A type I binary ionic compound contains a metal (cation) that forms only one type of ion. A type II ionic compound contains a metal that forms more than one type of ion, i.e., ions with different charges.

Nitrate

Nitrate is a polyatomic ion with the molecular formula NO−3 and a molecular mass of 62.0049 u. Organic compounds that contain the nitrate ester as a functional group (RONO2) are also called nitrates.

Oxycation

An oxycation is a polyatomic ion with a positive charge that contains oxygen.

Platinocyanide

Platinocyanide, also known as tetracyanoplatinate (IUPAC), cyanoplatinate, or platinocyanate, is a polyatomic ion with the molecular formula [Pt(CN)4]2−. The name also applies to compounds containing this ion, which are salts of the hypothetical platinocyanic acid (sometimes platinocyanhydric acid).

Barium platinocyanide, Ba[Pt(CN)4] is a phosphor and a scintillator. It fluoresces in the presence of x-rays and gamma rays. It was important in the discovery of X-rays, and in the development of the fluoroscope.

One platinocyanide salt, Krogmann's salt (dipotassium tetracyanoplatinate bromide trihydrate), has unusually high electric conductance.

Polyoxometalate

In chemistry, a polyoxometalate (abbreviated POM) is a polyatomic ion, usually an anion, that consists of three or more transition metal oxyanions linked together by shared oxygen atoms to form closed 3-dimensional frameworks. The metal atoms are usually group 6 (Mo, W) or less commonly group 5 (V, Nb, Ta) transition metals in their high oxidation states. They are usually colorless or orange, diamagnetic anions. Two broad families are recognized, isopolymetalates, composed of only one kind of metal and oxide, and heteropolymetalates, composed of one metal, oxide, and a main group oxyanion (phosphate, silicate, etc.). Many exceptions to these general statements exist.

Tetrafluoroammonium

The tetrafluoroammonium cation (also known as perfluoroammonium) is a positively charged polyatomic ion with chemical formula NF+4. It is equivalent to the ammonium ion where the hydrogen atoms surrounding the central nitrogen atom have been replaced by fluorine. Tetrafluoroammonium ion is isoelectronic with tetrafluoromethane CF4 and the tetrafluoroborate BF−4 anion.

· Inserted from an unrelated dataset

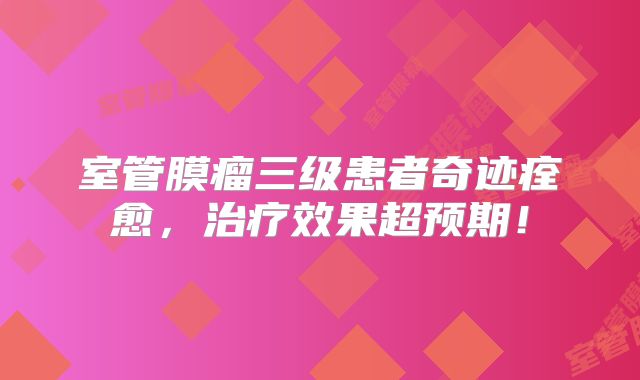 室管膜瘤三级患者奇迹痊愈，治疗效果超预期！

The tetrafluoroammonium ion forms salts with a large variety of fluorine-bearing anions. These include the bifluoride anion (HF−2), tetrafluorobromate (BrF−4), metal pentafluorides (MF−5 where M is Ge, Sn, or Ti), hexafluorides (MF−6 where M is P, As, Sb, Bi, or Pt), heptafluorides (MF−7 where M is W, U, or Xe), octafluorides (XeF2−8), various oxyfluorides (MF5O− where M is W or U; FSO−3, BrF4O−), and perchlorate (ClO−4). Attempts to make the nitrate salt, NF4NO3, were unsuccessful because of quick fluorination: NF+4 + NO−3 → NF3 + FONO2.

Triflate

Triflate, also known by the systematic name trifluoromethanesulfonate, is a functional group with the formula CF3SO3−. The triflate group is often represented by −OTf, as opposed to −Tf (triflyl). For example, n-butyl triflate can be written as CH3CH2CH2CH2OTf.

The corresponding triflate anion, CF3SO−3, is an extremely stable polyatomic ion, being the conjugate base of triflic acid (CF3SO3H), one of the strongest acids known. It is defined as a superacid, because it is more acidic than pure sulfuric acid.

Trifluorooxonium

The trifluorooxonium cation is a hypothetical positively charged polyatomic ion with chemical formula OF+3. It is structurally equivalent to the hydronium ion where the hydrogen atoms surrounding the central oxygen atom have been replaced by fluorine, and is isoelectronic with nitrogen trifluoride. This cation would be an example of oxygen in the +4 oxidation state.

The OF+3 cation was shown to be vibrationally stable at all levels of theory applied (HF, MP2, CCSD(T)). OF+3 was proposed to possess a pyramidal structure with an O–F bond length of 1.395 Å and F–O–F bond angles of 104.2° (CCSD(T) level of theory). The F+ detachment energy of the OF+3 cation was calculated to be +110.1 kcal mol−1. However, the low-temperature reaction of F2, OF2 and AsF5 under UV irradiation, besides unreacted starting materials only yielded the dioxygenyl salt O+2[AsF6]−. The oxidation of OF2 with KrF+ salts also failed to produce evidence for the title cation.The formation of the hypothetical salt OF+3[AsF6]− was calculated to be about thermoneutral, but slightly unfavorable with OF2(g) + F2(g) + AsF5(g) → OF+3[AsF6]−(s) = +10.5 kcal mol−1.